━━━ SOURCE RECORDS
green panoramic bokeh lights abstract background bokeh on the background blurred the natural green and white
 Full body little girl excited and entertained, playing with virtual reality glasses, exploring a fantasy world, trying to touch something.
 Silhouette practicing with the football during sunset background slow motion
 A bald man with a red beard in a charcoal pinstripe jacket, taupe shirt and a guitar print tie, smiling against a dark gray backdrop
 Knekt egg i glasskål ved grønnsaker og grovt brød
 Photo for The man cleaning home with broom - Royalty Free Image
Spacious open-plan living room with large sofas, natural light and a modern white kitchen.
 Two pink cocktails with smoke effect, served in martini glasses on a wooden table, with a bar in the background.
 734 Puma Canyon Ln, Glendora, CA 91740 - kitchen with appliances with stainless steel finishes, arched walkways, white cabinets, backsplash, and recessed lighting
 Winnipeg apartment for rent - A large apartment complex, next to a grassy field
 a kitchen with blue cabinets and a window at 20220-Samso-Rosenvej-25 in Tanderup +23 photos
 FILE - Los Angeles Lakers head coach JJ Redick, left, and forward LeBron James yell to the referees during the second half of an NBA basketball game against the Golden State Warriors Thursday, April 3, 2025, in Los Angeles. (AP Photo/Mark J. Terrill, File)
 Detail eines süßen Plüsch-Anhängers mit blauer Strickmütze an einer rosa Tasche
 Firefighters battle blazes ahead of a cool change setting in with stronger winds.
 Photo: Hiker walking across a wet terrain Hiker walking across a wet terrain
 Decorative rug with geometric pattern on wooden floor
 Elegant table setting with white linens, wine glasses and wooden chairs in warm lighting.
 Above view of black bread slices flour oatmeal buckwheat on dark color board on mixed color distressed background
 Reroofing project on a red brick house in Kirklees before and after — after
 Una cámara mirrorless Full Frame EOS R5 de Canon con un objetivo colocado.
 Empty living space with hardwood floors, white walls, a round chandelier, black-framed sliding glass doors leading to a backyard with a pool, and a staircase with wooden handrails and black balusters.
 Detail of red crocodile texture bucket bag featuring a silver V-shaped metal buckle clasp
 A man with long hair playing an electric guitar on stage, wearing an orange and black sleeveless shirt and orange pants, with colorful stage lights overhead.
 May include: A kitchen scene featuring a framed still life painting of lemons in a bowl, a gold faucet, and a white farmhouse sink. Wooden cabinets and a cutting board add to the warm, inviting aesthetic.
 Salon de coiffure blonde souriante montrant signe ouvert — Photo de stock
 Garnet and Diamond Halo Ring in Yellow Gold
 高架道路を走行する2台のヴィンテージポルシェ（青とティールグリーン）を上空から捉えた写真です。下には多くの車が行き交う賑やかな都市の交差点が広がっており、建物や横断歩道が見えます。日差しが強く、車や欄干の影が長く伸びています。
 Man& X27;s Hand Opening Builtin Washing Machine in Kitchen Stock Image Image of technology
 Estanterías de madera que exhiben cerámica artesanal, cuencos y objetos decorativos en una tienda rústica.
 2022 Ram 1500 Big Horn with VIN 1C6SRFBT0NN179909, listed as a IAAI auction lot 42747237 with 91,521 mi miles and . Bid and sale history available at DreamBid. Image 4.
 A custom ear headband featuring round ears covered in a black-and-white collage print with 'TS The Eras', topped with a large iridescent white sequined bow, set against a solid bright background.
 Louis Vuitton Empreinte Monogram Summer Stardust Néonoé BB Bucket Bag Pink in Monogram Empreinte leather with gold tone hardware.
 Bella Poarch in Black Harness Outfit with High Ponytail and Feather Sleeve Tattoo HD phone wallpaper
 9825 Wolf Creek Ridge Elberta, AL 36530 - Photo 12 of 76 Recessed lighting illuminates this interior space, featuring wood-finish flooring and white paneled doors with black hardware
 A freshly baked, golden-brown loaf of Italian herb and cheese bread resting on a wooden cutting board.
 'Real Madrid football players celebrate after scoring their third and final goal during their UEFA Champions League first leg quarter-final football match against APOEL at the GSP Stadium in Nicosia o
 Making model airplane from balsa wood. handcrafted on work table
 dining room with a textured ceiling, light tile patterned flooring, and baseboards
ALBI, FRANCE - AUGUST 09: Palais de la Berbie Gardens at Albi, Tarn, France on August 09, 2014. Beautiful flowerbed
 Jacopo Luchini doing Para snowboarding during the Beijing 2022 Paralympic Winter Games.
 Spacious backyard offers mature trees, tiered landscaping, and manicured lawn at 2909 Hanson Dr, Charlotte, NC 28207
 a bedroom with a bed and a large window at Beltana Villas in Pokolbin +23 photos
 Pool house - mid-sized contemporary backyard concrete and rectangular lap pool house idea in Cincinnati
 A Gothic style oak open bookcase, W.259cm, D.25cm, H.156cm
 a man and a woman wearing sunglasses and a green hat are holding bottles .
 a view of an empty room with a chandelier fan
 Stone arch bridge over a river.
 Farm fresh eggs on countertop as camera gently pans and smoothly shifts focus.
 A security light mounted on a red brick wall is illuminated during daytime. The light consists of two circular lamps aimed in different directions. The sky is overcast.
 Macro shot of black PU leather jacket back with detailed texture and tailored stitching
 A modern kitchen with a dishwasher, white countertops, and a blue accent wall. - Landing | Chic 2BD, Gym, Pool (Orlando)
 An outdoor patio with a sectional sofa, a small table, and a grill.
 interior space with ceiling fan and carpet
━━━━━━
**ABOUT THIS TASK**
In the data above, find the line that contains "Knekt egg i" and the line that contains "a kitchen with". Repeat exactly those lines and every line between them, and only those.

**ANSWER FOR THE TASK**
 Knekt egg i glasskål ved grønnsaker og grovt brød
 Photo for The man cleaning home with broom - Royalty Free Image
Spacious open-plan living room with large sofas, natural light and a modern white kitchen.
 Two pink cocktails with smoke effect, served in martini glasses on a wooden table, with a bar in the background.
 734 Puma Canyon Ln, Glendora, CA 91740 - kitchen with appliances with stainless steel finishes, arched walkways, white cabinets, backsplash, and recessed lighting
 Winnipeg apartment for rent - A large apartment complex, next to a grassy field
 a kitchen with blue cabinets and a window at 20220-Samso-Rosenvej-25 in Tanderup +23 photos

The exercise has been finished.